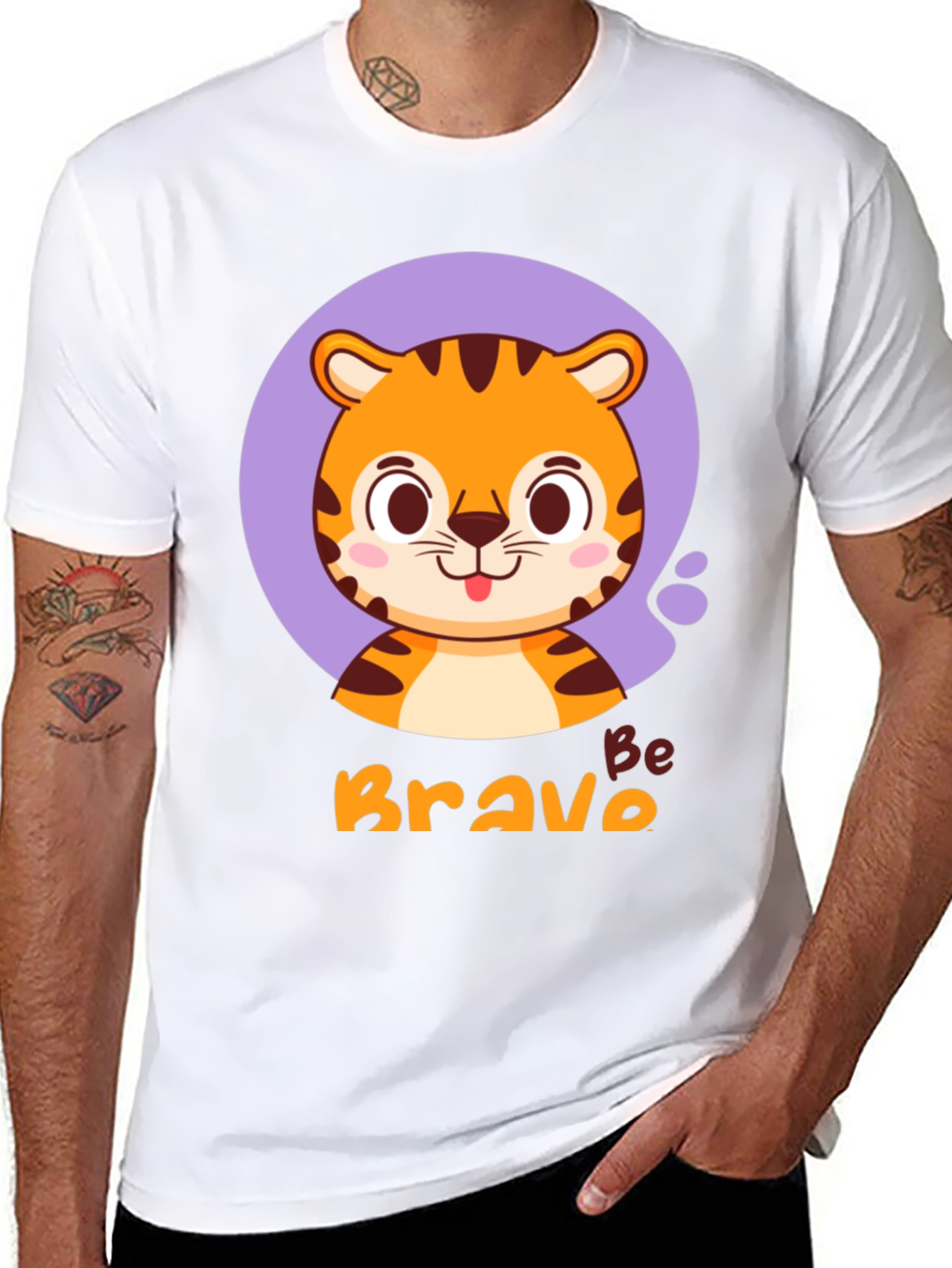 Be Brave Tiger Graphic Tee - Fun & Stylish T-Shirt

* * *

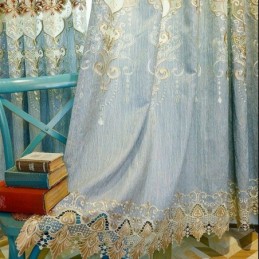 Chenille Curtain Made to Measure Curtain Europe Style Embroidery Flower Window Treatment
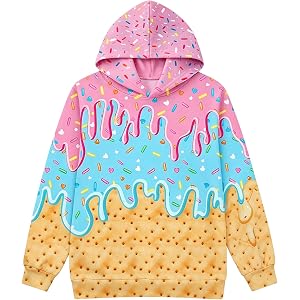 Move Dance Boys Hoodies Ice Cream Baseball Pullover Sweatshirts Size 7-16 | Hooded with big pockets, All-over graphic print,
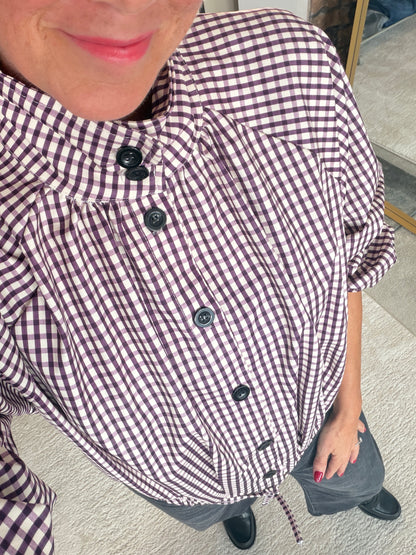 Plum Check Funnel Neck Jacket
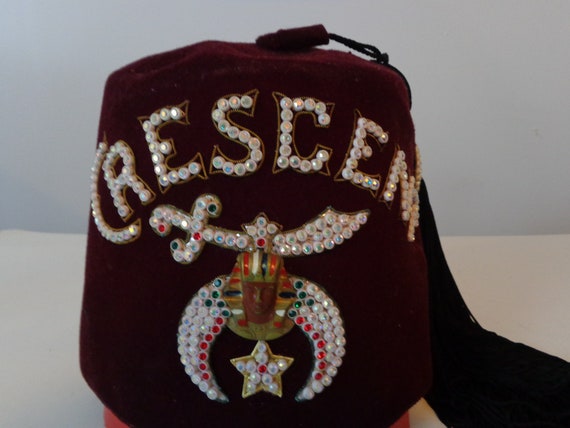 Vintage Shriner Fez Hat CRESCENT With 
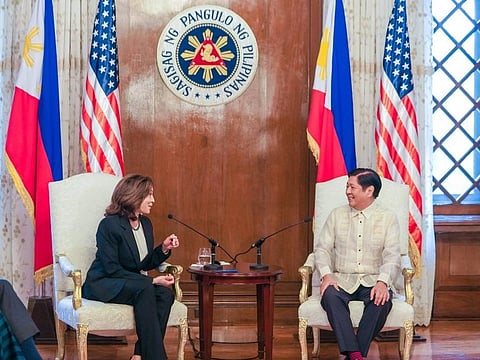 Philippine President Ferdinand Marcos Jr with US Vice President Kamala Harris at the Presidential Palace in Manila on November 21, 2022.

==

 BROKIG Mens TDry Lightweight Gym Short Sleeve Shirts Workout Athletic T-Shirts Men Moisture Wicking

# [Exercise details]
Beginning with the line above that has "Chenille Curtain Made" and going on through the line that has "Philippine President Ferdinand", retype every line exactly and add nothing else; drop the pictures.

# [Written answer]
 Chenille Curtain Made to Measure Curtain Europe Style Embroidery Flower Window Treatment
 Move Dance Boys Hoodies Ice Cream Baseball Pullover Sweatshirts Size 7-16 | Hooded with big pockets, All-over graphic print,
 Plum Check Funnel Neck Jacket
 Vintage Shriner Fez Hat CRESCENT With 
 Philippine President Ferdinand Marcos Jr with US Vice President Kamala Harris at the Presidential Palace in Manila on November 21, 2022.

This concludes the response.